Direct PRIVATE Partition Mount

  • Added direct mount point /.bottlerocket for the PRIVATE partition that bypasses dependency on DATA partition
  • Created a bind mount from /.bottlerocket to /var/lib/bottlerocket for backward compatibility
  • Network services now use /.bottlerocket/netdog directly instead of /var/lib/netdog

Netdog Updates

  • Updated path constants to use /.bottlerocket/netdog instead of /var/lib/netdog
  • Drop default dependencies and update generate-network-config.service with /.bottlerocket dependencies.
  • Create /etc/sysctl.d with ExecStart entry for write-network-status.service.
  • Drop default dependencies for write-network-status.service and explicitly add Before=network-online.target for write-network-status.service.
  • Removed dependency on systemd-tmpfiles for directory creation

D-Bus and Network Service Improvements

  • Added DefaultDependencies=no to dbus.socket to allow early D-Bus initialization
  • Made network-pre.target require dbus-broker.service to ensure D-Bus is ready before network services start
  • Disabled PrivateTmp for dbus-broker.service to remove dependency on systemd-tmpfiles and local-fs.target

Testing done [WIP]:

Click to expand testing details

Functional Testing

  • Tested using metal-dev instance to confirm that net.toml injected to PRIVATE partition can still be read and that
    write-network-status.service can write to the /.bottlerocket/netdog path with no issue
  • Verified the node booted properly with all network functionality intact
  • Used systemd-analyze plot to generate the boot plot and confirmed the decoupling of the network stack and DATA
    partition
  • Verified that network initialization and local-fs (DATA) now occur in parallel
  • Confirmed network configuration and state files are properly persisted across reboots
  • Validated that all existing network functionality is maintained with the new directory structure

Boot-time Testing [WIP]

  • Initial tests on m5.xlarge instances show ~987ms improvement in network-online.target timing and ~817ms improvement in configured.target timing
  • Additional performance testing across a wider range of instance types is in progress
  • We are also internally running a larger sample of boots to better measure this improvement with statistical analysis (in progress)

Terms of contribution:

By submitting this pull request, I agree that this contribution is dual-licensed under the terms of both the Apache License, version 2.0, and the MIT license.

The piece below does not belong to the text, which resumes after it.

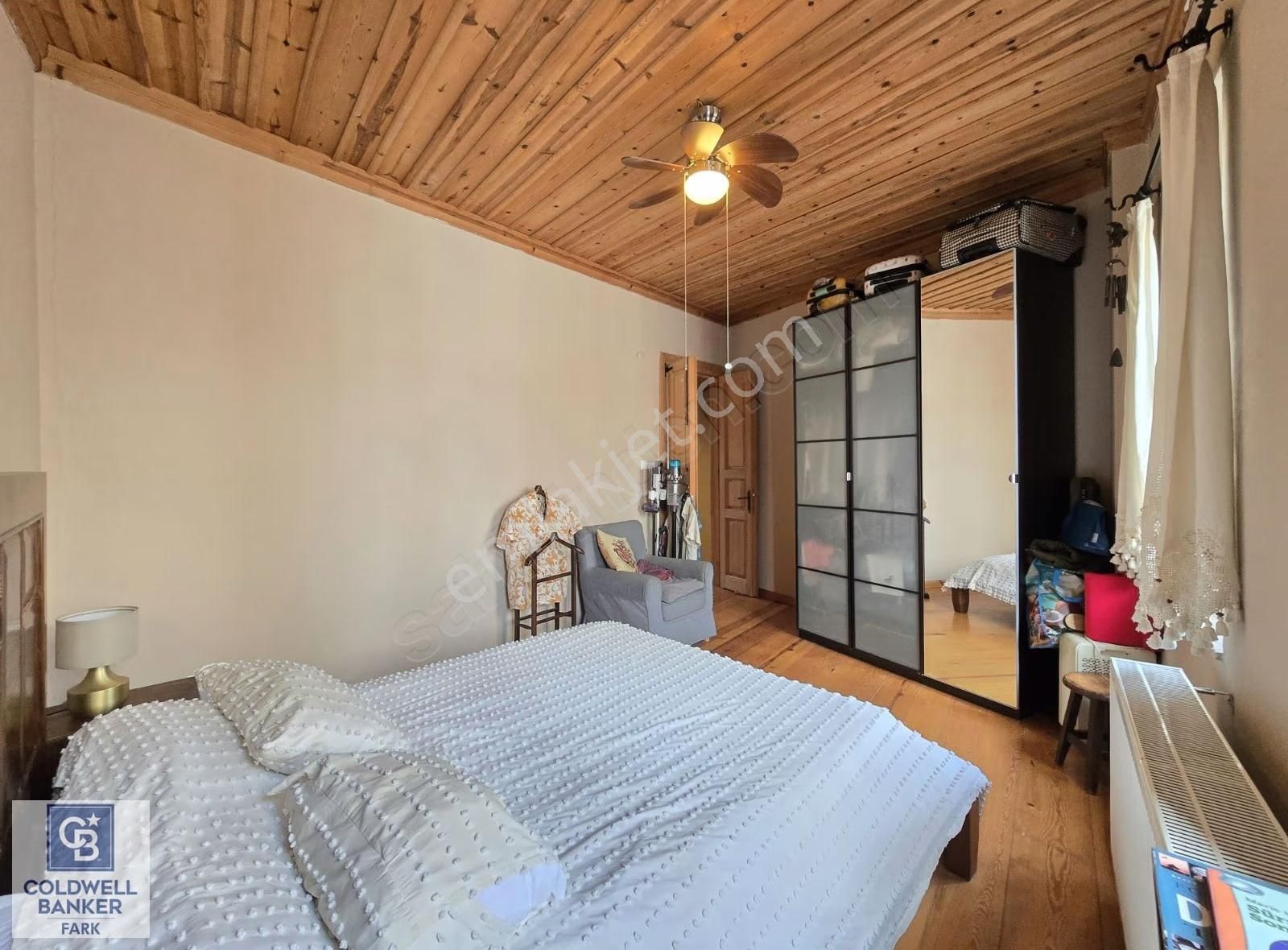 Ayvalık Merkez'de Satılık 2+1 Müstakil Bahçeli Rum Evi - Görsel 17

@ytsssun ytsssun changed the title Network Stack: Implement Boot Time Optimization by Removing DATA Partition Dependency Network stack boot time optimization: decouple from DATA partition Aug 23, 2025
@ytsssun ytsssun force-pushed the boot-time-network-stack branch 2 times, most recently from 4f90c47 to c601e5b Compare August 25, 2025 06:13
@ytsssun ytsssun force-pushed the boot-time-network-stack branch from c601e5b to b948d56 Compare September 3, 2025 22:12
@ytsssun
Copy link
Contributor Author

ytsssun commented Sep 3, 2025

Pushed new commit to address a race condition we noticed during our test:

Networkd service started too early and it sometimes failed to get the status info of the network interface from D-Bus because D-Bus was not yet ready.

Added change to initialize D-Bus earlier and enforced dependency on dbus-broker.service in network-pre.target.

@ytsssun ytsssun requested a review from bcressey September 3, 2025 23:29
@ytsssun ytsssun force-pushed the boot-time-network-stack branch 4 times, most recently from 5c4c9b9 to a9b4687 Compare September 16, 2025 23:53
@ytsssun
Copy link
Contributor Author

ytsssun commented Sep 16, 2025

Synced with @bcressey , we are adopting different implementation here - instead of using overlayfs for the /.bottlerocket/netdog to grant netdog access to the files on private partition, we will just grant netdog api_exec_t to allow access to private_t.

Pushed code changes for that.

@ytsssun ytsssun force-pushed the boot-time-network-stack branch from a9b4687 to 33a8fe6 Compare September 17, 2025 20:39
@ytsssun
Copy link
Contributor Author

ytsssun commented Sep 17, 2025

Pushed a minor change to add /etc/sysctl.d as ReadWritePath to write-network-status.service, otherwise will get error like

Failed to write sysctl config to '/etc/sysctl.d/90-primary_interface.conf': Read-only file system (os error 30)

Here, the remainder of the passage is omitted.